Since the Fall of 2007, I have produced 16 publications: 11 peer-reviewed journal articles, one monograph, two edited volumes, one book chapter in the edited volume, an edited four-volume encyclopedia and several book reviews and applied research reports. My research articles have focused on race relations and immigration, particularly the struggle of Mexican immigrants with social integration in the U.S. within local and national contexts. The various books and encyclopedias have also followed this same trajectory.
However, since 2013, I have begun to focus on topics that fall into the sociology of culture. For example, a co-edited volume, Untapped: The Cultural Dimensions of Craft Beer, focuses the cultural phenomenon of craft beer and critically examines its rise within various American subcultures. I have also recently published an article that examined the pedagogical endeavors of fermentation sciences to teach college students how to brew beer and so much more. I also have began book projects on the resurrection of moonshine in America, a textbook on the sociology of war, and two research monographs; one focusing on the racialized discourse around affirmative action in college admissions and the other examining the social movement of “ethically sourced” coffee from Costa Rica.
My service to department, college, university, and the profession has consistently gone beyond the required service requirements at App State. At the departmental level, I have served on at least two committees each academic year. Particularly, I have served on the department’s personnel committee seven years, which makes decisions concerning hiring, promotion, and tenure. Since 2013, I have served as my department’s Director of Undergraduate Studies and its Internship Supervisor. At the college level, I have served on various assessment and strategic planning committees. At the university level, I have served as a consultant or committee member for Writing across the Curriculum, Multicultural Student Development, Women’s Studies, Graduate Faculty, and General Education. I have also served on the General Education Council, Undergraduate Academic Policies and Procedures, and various task forces to address issues of diversity and better undergraduate education.

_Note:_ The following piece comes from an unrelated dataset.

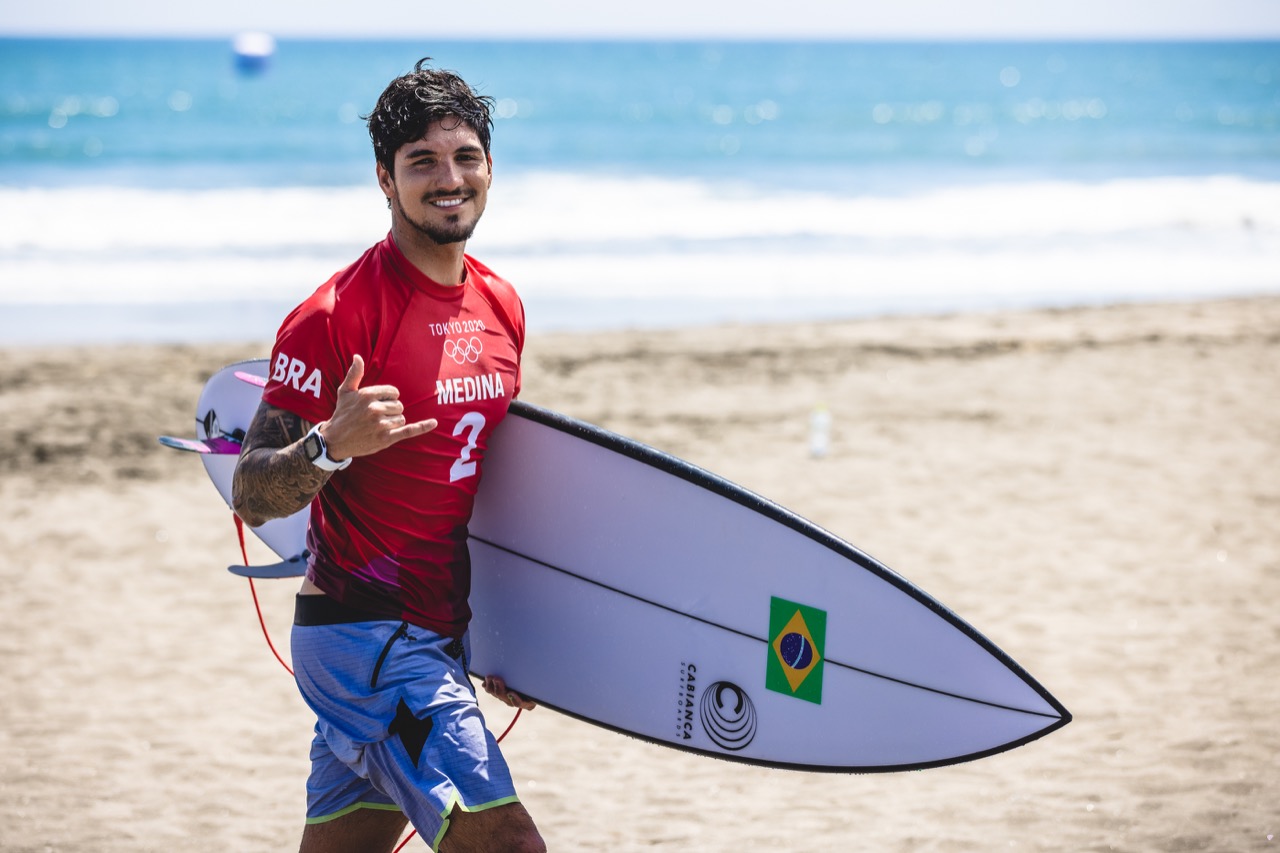 Gabriel Medina supera Filipe Toledo e é tricampeão mundial de surfe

My service to the profession has also been proficient. I have faithly served on the North Carolina Sociological Association’s Executive Council and was the President fro 2013-2014. I have served on a number of committees for the Southern Sociological Society including as Chair of the Committee on Racial and Ethnic Minorities, Committee on Committees, Programs Committee, and the Executive Committee. I have also volunteered to review several manuscripts from top journals including Social Forces, Social Problems, Sociological Spectrum, Ethnic and Racial Studies, and Latino Studies. I have served as a blind reviewer for the National Science Foundation. Finally, I have served as a consultant for government agencies and non-profits to conduct anti-racism workshops, and have been a guest lecturer and presenter for various universities across the South discussing my research on Latino immigrants and the symbolism of the Confederate Battle Flag.
In all, I have been busy but I only see more to do in the future. I hope that I can continue to offer a quality education to my students. I also hope to continue to venture into new territories of research and interactions around the world with students and colleagues. Finally, I aspire to stay relevant in an ever-changing world.